The sociological imperative to trace the social, political, and economic histories and contexts that shape the colonial present is a vital part of any decolonial effort; however, simply learning about colonial power relations does not in itself necessarily disrupt the dominant frames of knowing and being that are themselves made through those relations. The presumed universality of these frames circumscribes what is possible for us to imagine. Thus, artistic and pedagogical practices of hospicing/midwifery offer complementary tools and strategies that may interrupt the power of this knowledge regime and thereby loosen its grip on our individual imaginations and our collective imaginary. In doing so, they open the possibility of pluralizing not only what we know, but also how we know and who we are, so that we might learn to know and be otherwise. But this is merely a possibility, not a guarantee.

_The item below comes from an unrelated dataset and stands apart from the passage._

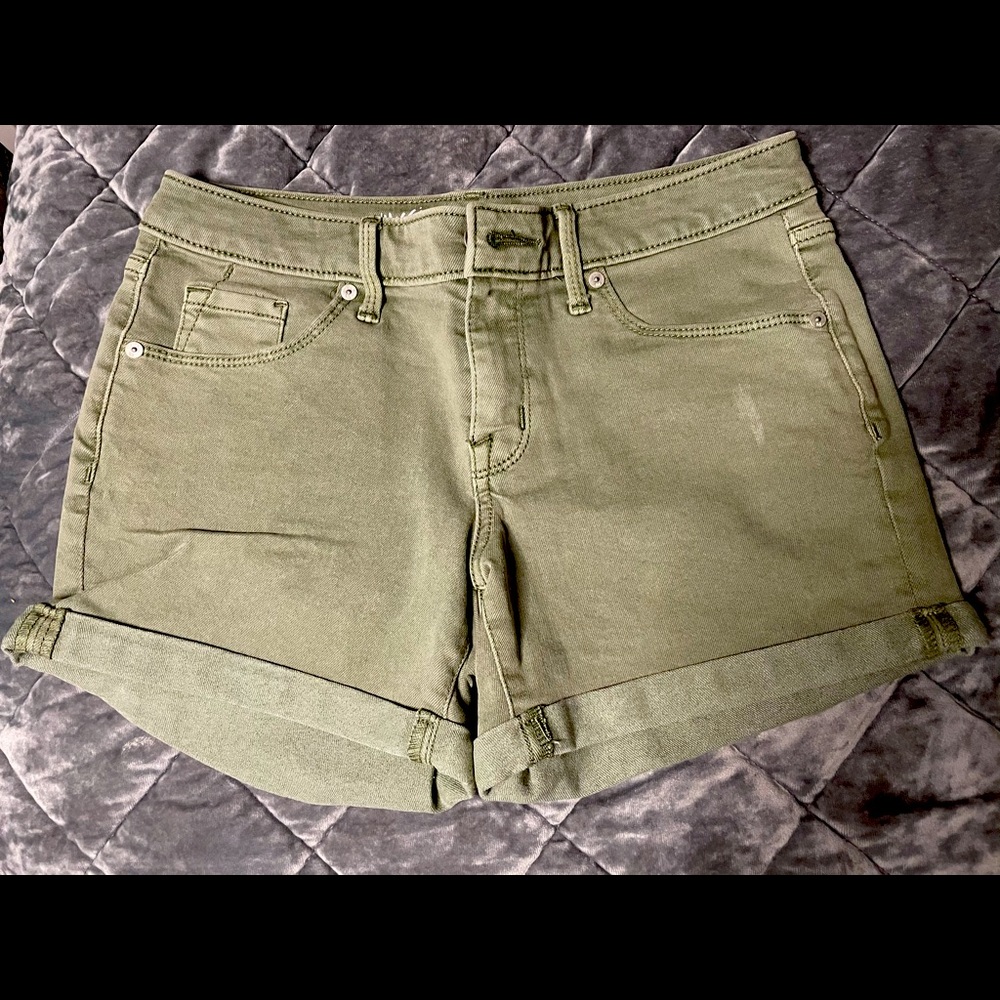 Olive shorts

As part of this work, since 2017 we have been hosting yearly an experiential and intellectual “laboratory” in Gorca, Slovenia. Within the context of the Gorca Earth Care Summer Program participants are challenged to test the limits of their ideas/prototypes for social change against dissenting perspectives, where they are sensitized to different understandings of fairness, wellbeing and global justice, where they are supported to face their complicity in systemic harm, where they may unlock “adjacent possibilities” for global justice work in their own contexts of practice and where they start to feel comfortable with uncertainty, complexity, plurality and improvisation.

We envisage this as a space where participants can

  • step back, look at the bigger picture and “dig deeper”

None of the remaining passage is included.